10 An order (as the plaintiff seeks) that the costs of the plaintiff's notice of motion be costs in the cause would leave those costs to be included in the final award of costs in the proceedings. Such an order would thus connote that the application and the parties' expenses in relation to it were, as it were, part and parcel of the ordinary and ongoing progress towards a final adjudication, this being the assumption underlying Part 52A rule 16 of the Supreme Court Rules. Such an order would, in my opinion, fail to recognise that it was conduct of the plaintiff (or, more precisely, the plaintiff's solicitors) which necessitated not only the plaintiff's application but also the defendant's putting the plaintiff to proof and the eventual determination of the application.

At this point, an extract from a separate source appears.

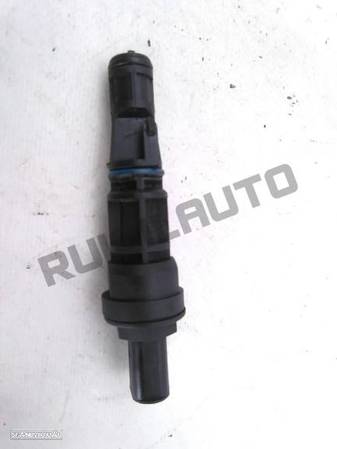 Sensor Conta Km 77004_18918 Renault Clio Ii [1998_2012] 1.9 D - 1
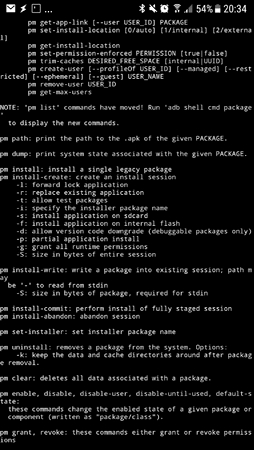 Screenshot_20180326-203402.png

11 Because of the strong analogy I have mentioned with amendment and adjournment cases where a party seeks an indulgence and there is, for that reason, a departure from the general rule that costs follow the event, I consider that there should be an order for costs against the plaintiff.
12 I should add that the circumstances of the present case seem to me to be, in relevant respects, distinguishable from those in Young v Combe (unreported, NSWSC, Hodgson J, 29 July 1993) and Scanruby Pty Ltd v Caltex Petroleum Pty Ltd [2001] NSWSC 411. In each of those cases, a party was permitted to withdraw an offer of compromise. In the first case, costs of the application were reserved. In the second the defendants opposing the plaintiff's successful application to withdraw were ordered to pay the plaintiff's costs. In each case, however, the reasons for allowing the withdrawal lay in changed circumstances which could not be laid at the feet of a party in the same way as the original mistake and the confirmation of it can be laid at the feet of the plaintiff's solicitors in this case. The report of the case mentioned in my earlier judgment that is most similar to this one (i.e., Lewis v Combell Constructions Pty Ltd (1989) 18 NSWLR 528) does not disclose the outcome on costs.
13 There is reference in the defendant's submissions to costs thrown away and, as I read the submissions, the defendant says that there are unlikely to be any costs thrown away because the decision to seek vacation of the hearing dates was taken in a timely manner and preparation to that point may be expected to be useful for the purposes of the deferred final hearing. Nevertheless the defendant says (and I agree) that the position should be confirmed by order.
14 The orders with respect to costs are accordingly that
(a) the costs of the defendant of and incidental to the plaintiff's application heard by me on 21 May 2004 and determined by me on 4 June 2004 be paid by the plaintiff; and
(b) such costs of the defendant, if any, as were thrown away by reason of the order made by me on 29 April 2004 vacating the hearing dates 25 and 26 May 2004 be paid by the plaintiff.